▸ **Task item**:
For the data that follows, return each line unchanged and drop the pictures.

▸ **Data block**:
== Segment start ==

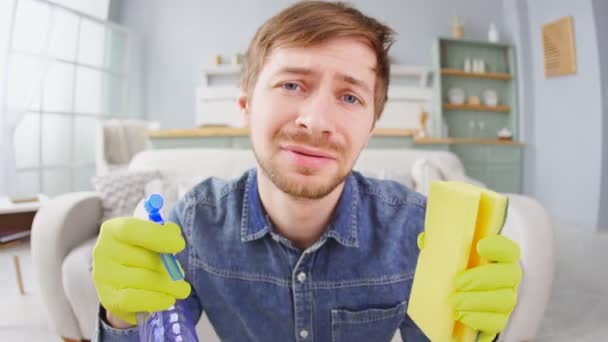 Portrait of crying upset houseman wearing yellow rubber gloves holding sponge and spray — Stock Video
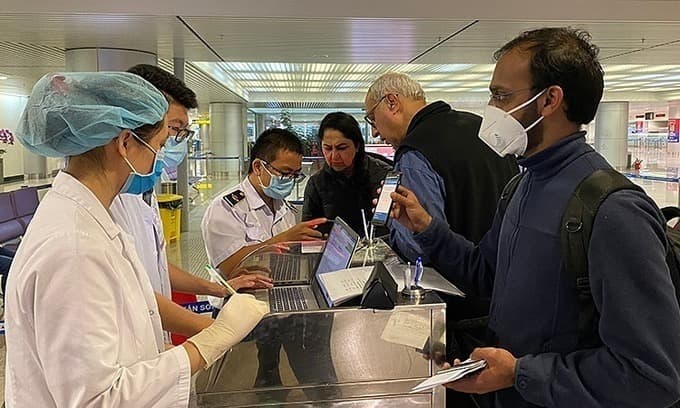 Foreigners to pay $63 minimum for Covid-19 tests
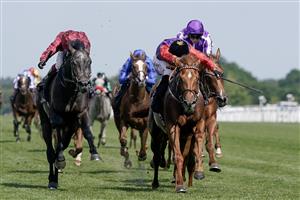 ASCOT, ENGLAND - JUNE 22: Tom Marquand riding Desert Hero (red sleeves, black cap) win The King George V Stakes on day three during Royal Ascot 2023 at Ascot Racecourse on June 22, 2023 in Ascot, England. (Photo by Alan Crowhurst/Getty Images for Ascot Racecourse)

== Segment end ==

▸ **Problem solution**:
 Portrait of crying upset houseman wearing yellow rubber gloves holding sponge and spray — Stock Video
 Foreigners to pay $63 minimum for Covid-19 tests
 ASCOT, ENGLAND - JUNE 22: Tom Marquand riding Desert Hero (red sleeves, black cap) win The King George V Stakes on day three during Royal Ascot 2023 at Ascot Racecourse on June 22, 2023 in Ascot, England. (Photo by Alan Crowhurst/Getty Images for Ascot Racecourse)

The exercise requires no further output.